13 Des 2018

The Last Durian

Nun, aku pernah tinggal lama di sebuah kampung bernama ponggalan. Konon, kampung yang sekarang sudah menjadi perkotaan itu dulunya sebuah desa. Setidaknya pinggiran kota yang masih didominasi orang-orang yang bekerja di sawah alias bertani. Pun aku masih mengalami masa-masa ketika di musim tertentu orang-orang memanggil anak-anak untuk mengadakan wiwitan. Wiwitan adalah semacam membuat tumpeng kecil dengan sayuran, potongan telur, ikan asin, tempe garit dan teh yang digilir dengan gelas omprong.

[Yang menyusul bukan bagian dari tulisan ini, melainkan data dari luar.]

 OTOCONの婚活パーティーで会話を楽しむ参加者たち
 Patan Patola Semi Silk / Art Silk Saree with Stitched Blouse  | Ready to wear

Maka anak-anak kecil tanpa perlu dipanggil sudah berlarian mengular, membututi petani yang sedang mengendong nasi wiwit itu ke pematang menuju petak sawah yang akan digarapnya. Lantas, beberapa pincuk atau  tempat makan dari daun pisang sudah disipakan untuk kami anak-anak berbagi nasi wiwitan tersebut. Masing anak mendapat 1 pincuk kecil nasi, lalap sayur, potongan tempe garit, ikan asin dan paling hits atau istilah kami adalah pukulan gongnya adalah sepotong, tepatnya seperdelapan potong telur rebus. Itu sungguh nikmat sekali. Tetapi kurun itu sudah berlalu lama-sekali, terkikis habis seiring dibukanya akses aspal lebar dan perkembangan pesat kota kami.
--------
Ponggalan beberapa tahun belakangan terus bergerak. Rumah-rumah baru bermunculan, orang-orang berdatangan. Apalagi kini ada kampus baru agak berdekatan dengan kampung kami, sehingga banyak mahasiswa, paling banyak mahasiswi yang indekos di kampung kami. Maka bisnis kamar kos, laundry sampai warung-warung mulai bermunculan. Depan rumah masih kokoh 2 pohon durian tua. Seingatku itu adalah tahun 2000an dan 2 pohon itu adalah durian terakhir di kampung kami.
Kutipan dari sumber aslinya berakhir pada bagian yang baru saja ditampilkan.